# Terro ant killer hurt bees?



## lstclair (Mar 6, 2007)

Whatever kills ants will also kill bees. Why not just leave it? If they come in the house, then use the Terro.


----------



## knpeterson (May 18, 2009)

The terro would attract the bees b/c of the sweet. It has Borax in it and will kill bees as well.


----------



## Hambone (Mar 17, 2008)

Orthene works good and does not have a sugar carrier in it.


----------



## Hambone (Mar 17, 2008)

If you're just talking a mound or two....A bunch of gas and a match. That's the fun way.


----------



## jip (Apr 10, 2009)

The other day I sprayed Orange Oil on the feet of my hive stand. So far no issues. Orange oil is supposed to be all natural and safe to use around children, pets, and food.


----------



## lakebilly (Aug 3, 2009)

I have way to many anthills around my place. and a wide variety. Orange oil? gonna torch the hill that I see, would like to eliminate the hills I can't see. my hives are getting much visitation from the vermin ant scum. thanks for the replies, like to get more ideas....got gas, match, & locality...lb pyro


----------



## Troy (Feb 9, 2006)

Mostly I don't worry about ants. But on occasion a weak hive can't seem to defend themselves and I will lube up the hive stand legs with something sticky.
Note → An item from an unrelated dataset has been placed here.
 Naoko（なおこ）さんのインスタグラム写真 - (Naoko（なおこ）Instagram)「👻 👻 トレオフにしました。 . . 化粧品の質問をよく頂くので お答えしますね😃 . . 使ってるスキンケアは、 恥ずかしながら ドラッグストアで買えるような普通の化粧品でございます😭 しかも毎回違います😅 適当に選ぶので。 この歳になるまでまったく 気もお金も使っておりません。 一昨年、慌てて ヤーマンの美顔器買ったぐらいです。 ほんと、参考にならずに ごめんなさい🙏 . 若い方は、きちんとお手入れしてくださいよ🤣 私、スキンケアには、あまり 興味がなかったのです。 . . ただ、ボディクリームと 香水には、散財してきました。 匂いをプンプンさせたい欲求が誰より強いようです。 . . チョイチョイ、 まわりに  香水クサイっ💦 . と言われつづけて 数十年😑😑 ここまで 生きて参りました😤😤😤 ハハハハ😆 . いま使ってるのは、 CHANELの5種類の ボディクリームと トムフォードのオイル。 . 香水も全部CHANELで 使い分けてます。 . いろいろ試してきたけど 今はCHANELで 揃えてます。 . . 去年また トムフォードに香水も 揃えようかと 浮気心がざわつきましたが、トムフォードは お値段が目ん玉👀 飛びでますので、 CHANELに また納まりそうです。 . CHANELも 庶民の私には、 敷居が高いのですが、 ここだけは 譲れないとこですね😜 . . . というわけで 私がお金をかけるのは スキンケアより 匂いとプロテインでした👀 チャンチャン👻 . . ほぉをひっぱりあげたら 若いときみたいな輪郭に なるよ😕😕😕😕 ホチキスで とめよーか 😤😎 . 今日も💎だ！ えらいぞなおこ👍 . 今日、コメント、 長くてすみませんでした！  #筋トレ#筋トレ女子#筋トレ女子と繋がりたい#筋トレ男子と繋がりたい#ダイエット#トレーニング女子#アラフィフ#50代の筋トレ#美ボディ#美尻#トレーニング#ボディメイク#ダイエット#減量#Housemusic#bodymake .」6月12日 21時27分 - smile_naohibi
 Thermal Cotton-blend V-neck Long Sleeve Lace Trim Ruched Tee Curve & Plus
Have used grease, but is messy.

This stuff is the best: http://www.amazon.com/Tanglefoot-99015-15oz-Pest-Barrier/dp/B002KHOSH2

No messy residue..... Just wear disposable gloves to apply and toss them when done. The ants can't get past it.


----------



## valleyman (Nov 24, 2009)

Grant ant spikes. I got em at Walmart. Bees won't bother and are unharmed. They carry it back to their hill and it kills them, Last year I had a mound about 15' away and used these spikes stuck at the post holding my hive stand, Within a month no ants, all gone. this year same thing except I don't know where the mound is. So spikes out, within 3 weeks, ants gone.
Also I have heard that you can pour used motor oil around their entrance points and they won't cross it, but thats illegal.


----------



## Hoxbar (Mar 1, 2010)

I use amdro to kill our ants. For fire ant I use bengal fire ant killer works great


----------



## WVaBees (Jul 2, 2010)

Could you use the terro by placing in a plastic box with small holes drilled big enough for the ants but too small for the bees?


----------